▶ [Problem statement]
Transcribe the records underneath word for word, and leave no line out.

(Entries shown begins)

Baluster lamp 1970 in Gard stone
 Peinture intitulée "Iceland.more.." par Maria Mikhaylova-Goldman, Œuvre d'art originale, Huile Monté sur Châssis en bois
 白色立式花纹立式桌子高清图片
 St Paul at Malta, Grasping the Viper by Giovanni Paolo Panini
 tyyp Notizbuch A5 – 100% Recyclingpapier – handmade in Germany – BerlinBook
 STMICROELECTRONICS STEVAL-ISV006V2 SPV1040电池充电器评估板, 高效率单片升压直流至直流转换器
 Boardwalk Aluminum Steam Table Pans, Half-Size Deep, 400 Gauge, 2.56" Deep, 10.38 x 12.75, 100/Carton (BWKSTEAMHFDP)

(Entries shown ends)

▶ [Answer to this problem]
Baluster lamp 1970 in Gard stone
 Peinture intitulée "Iceland.more.." par Maria Mikhaylova-Goldman, Œuvre d'art originale, Huile Monté sur Châssis en bois
 白色立式花纹立式桌子高清图片
 St Paul at Malta, Grasping the Viper by Giovanni Paolo Panini
 tyyp Notizbuch A5 – 100% Recyclingpapier – handmade in Germany – BerlinBook
 STMICROELECTRONICS STEVAL-ISV006V2 SPV1040电池充电器评估板, 高效率单片升压直流至直流转换器
 Boardwalk Aluminum Steam Table Pans, Half-Size Deep, 400 Gauge, 2.56" Deep, 10.38 x 12.75, 100/Carton (BWKSTEAMHFDP)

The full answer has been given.